Task objective
What the answer must hold is the line containing "Histoire du luxe privé et public" and all lines after it through the end of the listing, copied exactly, with pictures left out.

Data extract
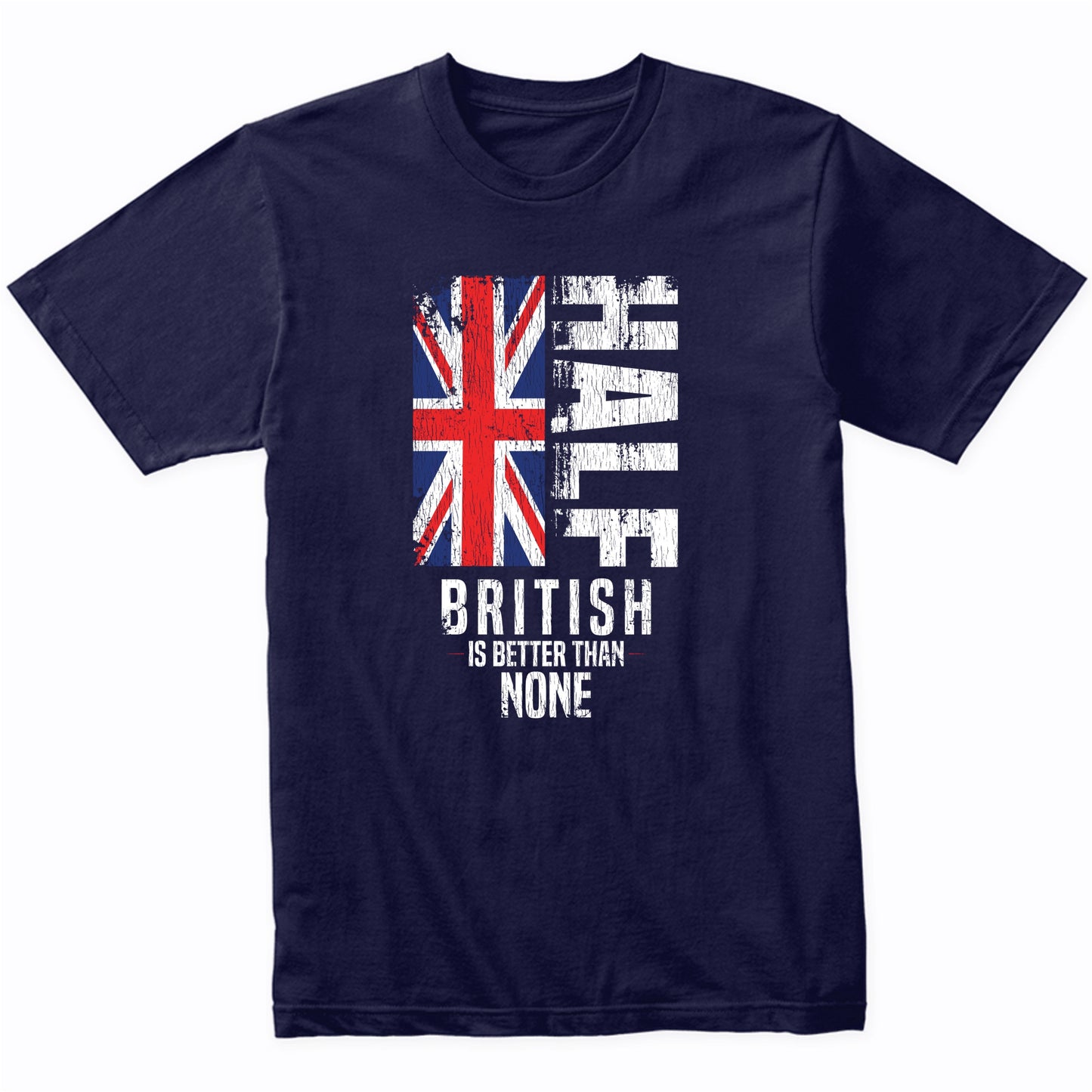 Half British Is Better Than None Funny British Flag T-Shirt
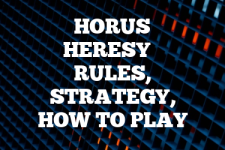 A guide to Horus Heresy rules, instructions & strategy tips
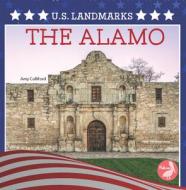 The Alamo di Amy Culliford edito da PELICAN PUB CO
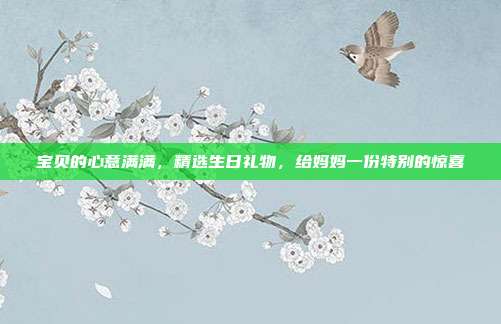 宝贝的心意满满，精选生日礼物，给妈妈一份特别的惊喜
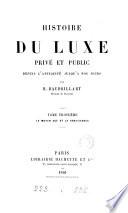Histoire du luxe privé et public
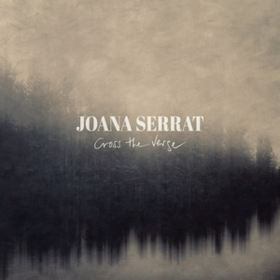 Cross The Verge Joana Serrat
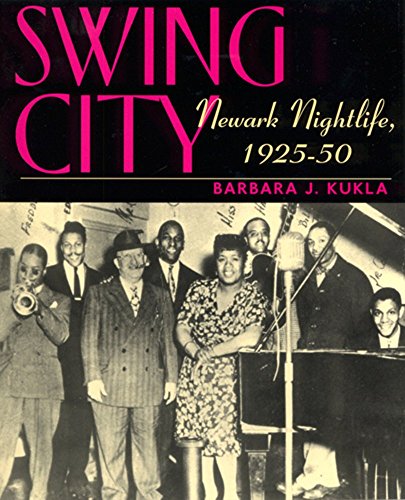 Imagen de archivo de Swing City: Newark Nightlife, 1925-50 a la venta por 2nd Life Books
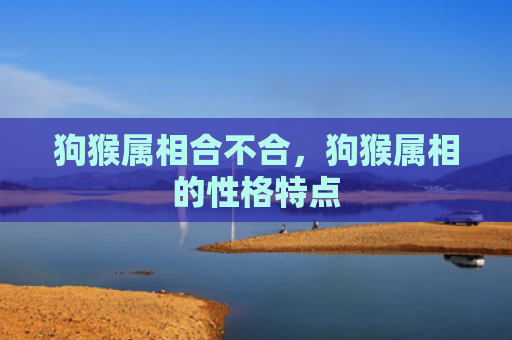 狗猴属相合不合，狗猴属相的性格特点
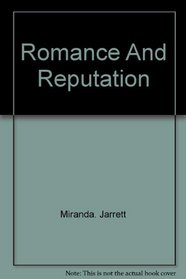 Romance And Reputation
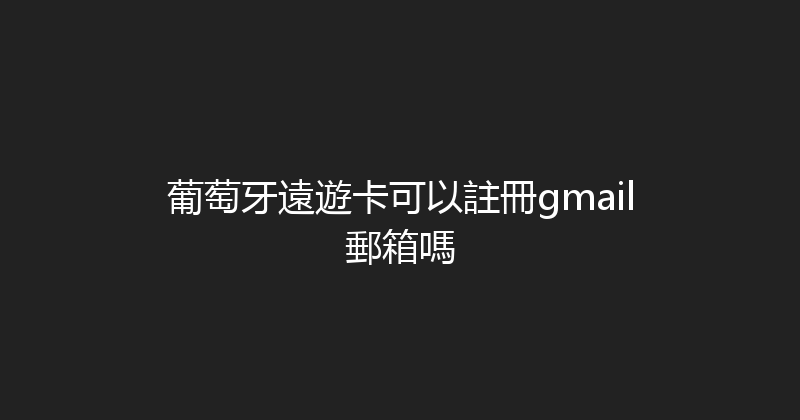葡萄牙遠遊卡可以註冊gmail郵箱嗎 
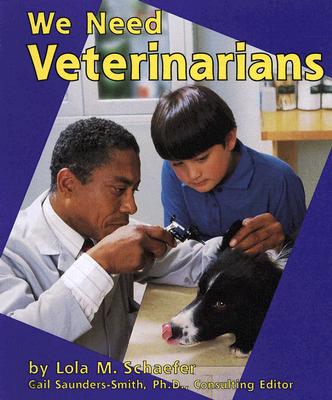 We Need Veterinarians (Helpers in Our Community)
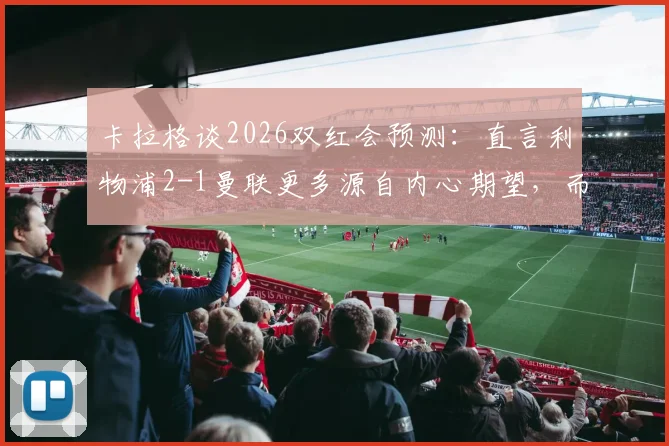 卡拉格谈2026双红会预测：直言利物浦2-1曼联更多源自内心期望，而非客观分析
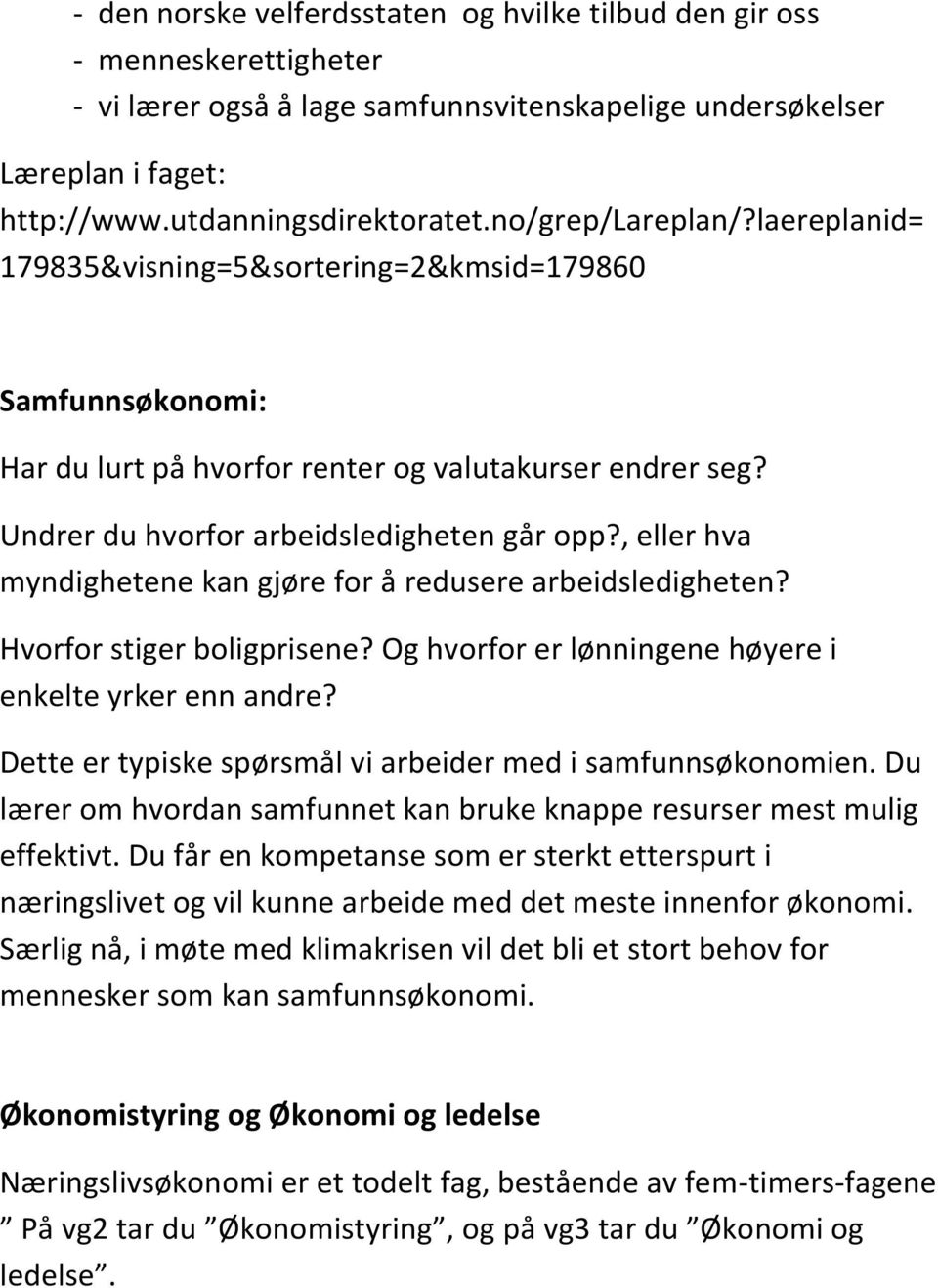 , eller hva myndighetene kan gjøre for å redusere arbeidsledigheten? Hvorfor stiger boligprisene? Og hvorfor er lønningene høyere i enkelte yrker enn andre?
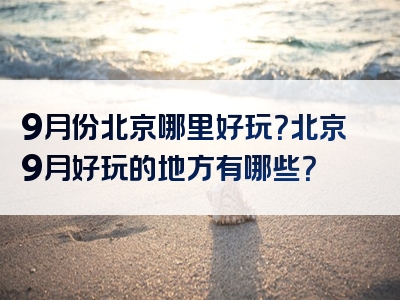 9月份北京哪里好玩？北京9月好玩的地方有哪些？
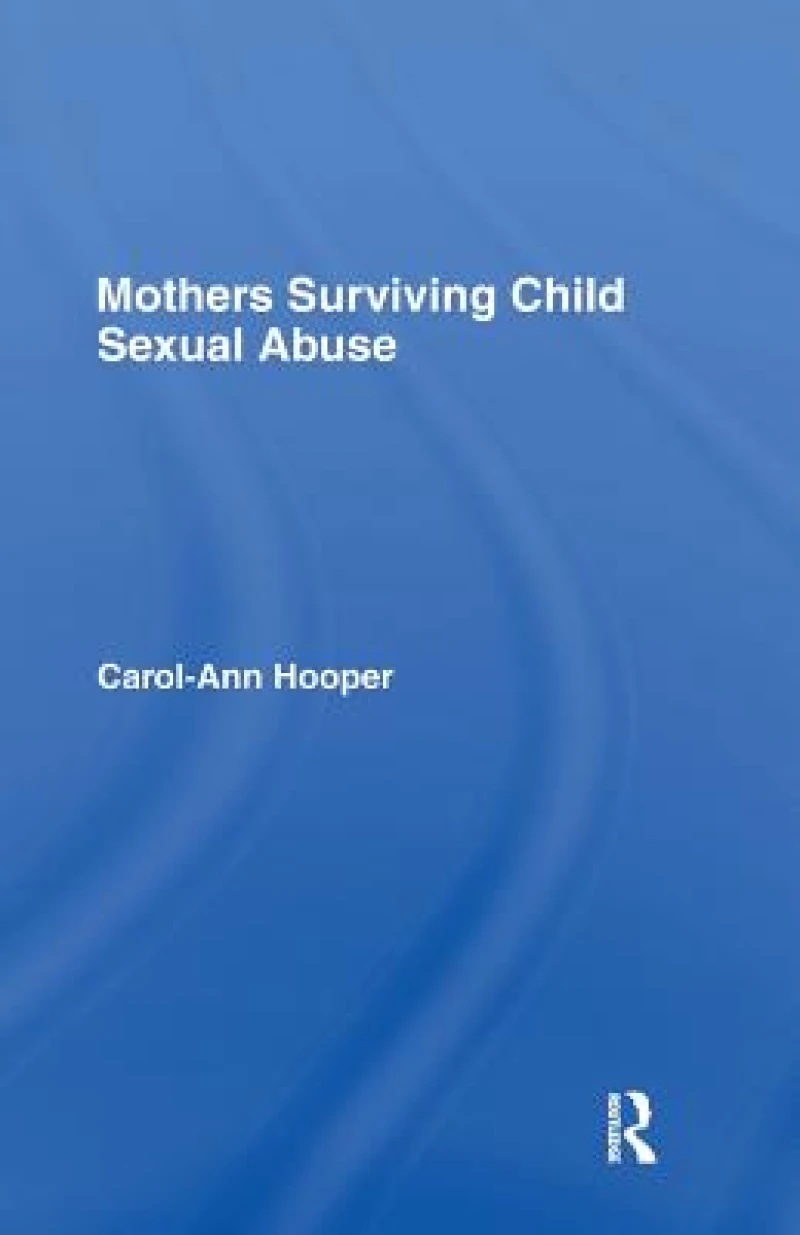 Mothers Surviving Child Sexual Abuse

Exercise result
Histoire du luxe privé et public
 Cross The Verge Joana Serrat
 Imagen de archivo de Swing City: Newark Nightlife, 1925-50 a la venta por 2nd Life Books
 狗猴属相合不合，狗猴属相的性格特点
 Romance And Reputation
葡萄牙遠遊卡可以註冊gmail郵箱嗎 
 We Need Veterinarians (Helpers in Our Community)
 卡拉格谈2026双红会预测：直言利物浦2-1曼联更多源自内心期望，而非客观分析
 , eller hva myndighetene kan gjøre for å redusere arbeidsledigheten? Hvorfor stiger boligprisene? Og hvorfor er lønningene høyere i enkelte yrker enn andre?
 9月份北京哪里好玩？北京9月好玩的地方有哪些？
 Mothers Surviving Child Sexual Abuse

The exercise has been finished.